If they resembled time travelers teleported from a Chinese imperial ritual of a thousand years ago, that was just the desired effect.

These hundreds of retro-style dressers, gathered on a university campus in Beijing this past weekend, are devotees of the “Hanfu” movement. They are dedicated to reviving the clothes they believe China’s Han ethnic majority wore before their country succumbed to centuries of foreign domination — and to taking pride in the past they evoke.

“Hanfu is a social scene, and that’s why I’m into it, but it also has deeper levels of national feeling too,” said Yin Zhuo, 29, a computer programmer, who joined the day of activities in a long blue gown and red cape with a fake fur fringe.

“Xi has always promoted reviving traditional culture, and naturally that includes clothing,” she said.

“When we first opened, people would often ask if we were filming a show or holding a costume party,” said Yue Huaiyu, the owner of the store, who said she has sold Hanfu clothes for over a decade. “They didn’t get it.”

Now, in terms of customers, “There are more and more.”

Yet as Hanfu has spread, it has also become more fractious. Hanfu websites are loud with debate about what counts as authentic clothing.

“Much of the history and traditions that the movement cites are invented,” said Mr.
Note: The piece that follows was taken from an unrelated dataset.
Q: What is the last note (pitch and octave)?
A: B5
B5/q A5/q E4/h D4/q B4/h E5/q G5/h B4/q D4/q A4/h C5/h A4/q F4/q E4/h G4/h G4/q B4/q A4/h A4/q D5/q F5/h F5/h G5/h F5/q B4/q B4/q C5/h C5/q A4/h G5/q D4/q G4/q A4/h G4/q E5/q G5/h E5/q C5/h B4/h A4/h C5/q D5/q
Carrico, the author. “They are creating this history for themselves.”

People also fight about how much modification to fit modern tastes is acceptable.

Gu Meng, a financial manager in Beijing, who sometimes wears Hanfu to work, said he was disgruntled with “Hanfu fundamentalists” who resisted altering their clothes to suit modern needs.

“I’ve asked the store many times why can’t they add a pocket at the back for my phone and cigarettes,” he said, referring to a Hanfu boutique he frequents. “They think I’m a heretic.”

Above all, followers differ over whether Hanfu is primarily about ethnic assertion, instilling ancient values, or simply making a bold fashion statement in a gown embroidered with dragons or flowers.